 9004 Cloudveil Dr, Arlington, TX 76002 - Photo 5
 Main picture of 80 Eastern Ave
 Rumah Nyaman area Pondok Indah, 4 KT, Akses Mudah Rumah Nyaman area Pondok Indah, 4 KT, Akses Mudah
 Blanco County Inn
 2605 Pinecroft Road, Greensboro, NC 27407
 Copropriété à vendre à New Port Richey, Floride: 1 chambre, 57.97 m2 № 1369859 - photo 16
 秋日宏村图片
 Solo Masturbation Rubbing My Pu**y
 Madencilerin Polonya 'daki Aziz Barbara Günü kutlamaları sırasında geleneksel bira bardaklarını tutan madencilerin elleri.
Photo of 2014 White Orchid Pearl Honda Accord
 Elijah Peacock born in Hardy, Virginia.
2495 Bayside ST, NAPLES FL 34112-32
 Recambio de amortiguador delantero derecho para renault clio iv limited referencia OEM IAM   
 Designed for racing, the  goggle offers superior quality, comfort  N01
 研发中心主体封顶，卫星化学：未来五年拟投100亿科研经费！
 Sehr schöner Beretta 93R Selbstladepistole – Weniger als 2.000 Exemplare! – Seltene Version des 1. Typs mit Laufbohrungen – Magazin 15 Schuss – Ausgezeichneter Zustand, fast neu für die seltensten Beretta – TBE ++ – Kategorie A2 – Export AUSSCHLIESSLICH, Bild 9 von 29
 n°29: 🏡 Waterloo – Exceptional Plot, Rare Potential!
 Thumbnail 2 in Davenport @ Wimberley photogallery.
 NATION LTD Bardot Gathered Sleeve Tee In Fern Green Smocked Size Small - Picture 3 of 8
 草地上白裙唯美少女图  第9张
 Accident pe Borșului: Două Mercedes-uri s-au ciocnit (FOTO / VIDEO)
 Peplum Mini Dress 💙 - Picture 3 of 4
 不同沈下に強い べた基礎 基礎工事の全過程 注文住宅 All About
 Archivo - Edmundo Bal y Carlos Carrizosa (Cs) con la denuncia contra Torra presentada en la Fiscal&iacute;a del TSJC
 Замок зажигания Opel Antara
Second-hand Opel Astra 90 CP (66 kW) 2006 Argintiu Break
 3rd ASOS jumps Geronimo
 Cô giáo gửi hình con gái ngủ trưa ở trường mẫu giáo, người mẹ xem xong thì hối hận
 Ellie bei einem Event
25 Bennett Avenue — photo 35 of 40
• • •
## [EXERCISE DESCRIPTION]
Which lines in the records above hold the string "Opel"? Copy each of them.

## [THE ANSWER]
 Замок зажигания Opel Antara
Second-hand Opel Astra 90 CP (66 kW) 2006 Argintiu Break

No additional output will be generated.